Face Making

Artist Gwenn Seemel’s bilingual blog about all the faces she makes while painting faces.

Le blog de l’artiste peintre franco-américaine Gwenn Seemel. Les articles sont en anglais et en français, et souvent ils sont bilingues.

Paintings within paintings

Wednesday 5 May 2010 - Comments / Commentaires (0)

After four full months of going full speed, Subjective is taking a bit of a rest. 



central Oregon

Becca and I drove to Bend to pick up the show last weekend.



Pence Gallery at the Pinckney Center

I was happy to see Cheri Lee, the director of the Pence Gallery.



Pence Gallery at the Pinckney Center at Central Oregon Community College

I was also glad to get a chance to enjoy the show all together one last time for a few months…
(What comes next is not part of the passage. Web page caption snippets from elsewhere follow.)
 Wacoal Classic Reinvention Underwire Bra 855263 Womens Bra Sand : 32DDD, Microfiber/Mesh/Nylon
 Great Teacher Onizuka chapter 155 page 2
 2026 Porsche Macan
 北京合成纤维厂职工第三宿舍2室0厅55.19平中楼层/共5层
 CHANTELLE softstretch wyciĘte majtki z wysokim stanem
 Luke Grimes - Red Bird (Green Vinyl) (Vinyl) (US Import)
Pence Gallery at the Pinckney Center at Central Oregon Community College

...and especially to see how it looked in the space at Central Oregon Community College.
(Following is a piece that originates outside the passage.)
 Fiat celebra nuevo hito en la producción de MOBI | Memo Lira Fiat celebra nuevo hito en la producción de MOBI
Becca Bernstein's portrait of Gwenn Seemel

Becca Bernstein’s Artist 2010
(full diptych)

But what made me happiest about the strike of Subjective in Bend was Becca’s brilliant idea to trade paintings for a while.  From the moment she suggested it, I knew I wanted to bring home her portrait of me.  I have a special affection for the painting anyway, but I also happen to love one of the background details that Becca included.  I love the painting within the painting. 



portrait painting

Gwenn Seemel
Lily
2008
acrylic on canvas
30 x 30 inches

When Becca came to my studio to photograph me for her painting of me, Lily’s was one of the portraits I was working on.  I like seeing how Becca represents my work in hers.  It’s a game of telephone—a visual version of the game—and Becca managed to convey something of Lily without ever meeting her or even seeing anything but a half-finished portrait of her.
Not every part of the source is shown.